Extracted material =
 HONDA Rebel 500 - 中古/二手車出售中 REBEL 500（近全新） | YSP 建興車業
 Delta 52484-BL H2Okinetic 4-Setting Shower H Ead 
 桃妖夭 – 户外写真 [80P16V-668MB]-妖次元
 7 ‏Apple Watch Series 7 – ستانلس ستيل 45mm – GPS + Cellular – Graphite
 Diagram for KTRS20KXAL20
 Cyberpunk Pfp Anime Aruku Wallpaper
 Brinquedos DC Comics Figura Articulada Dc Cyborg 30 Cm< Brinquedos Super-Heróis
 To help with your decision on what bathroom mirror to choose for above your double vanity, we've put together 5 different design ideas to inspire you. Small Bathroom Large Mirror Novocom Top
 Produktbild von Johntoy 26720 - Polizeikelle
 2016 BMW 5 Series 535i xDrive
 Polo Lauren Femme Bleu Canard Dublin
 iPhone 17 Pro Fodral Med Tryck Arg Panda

What to work on =
In the records above, the line with "To help with" marks the start and the line with "Produktbild von Johntoy 26720 - Polizeikelle" marks the end; copy that stretch exactly, both lines included, and nothing else.

Task output =
 To help with your decision on what bathroom mirror to choose for above your double vanity, we've put together 5 different design ideas to inspire you. Small Bathroom Large Mirror Novocom Top
 Produktbild von Johntoy 26720 - Polizeikelle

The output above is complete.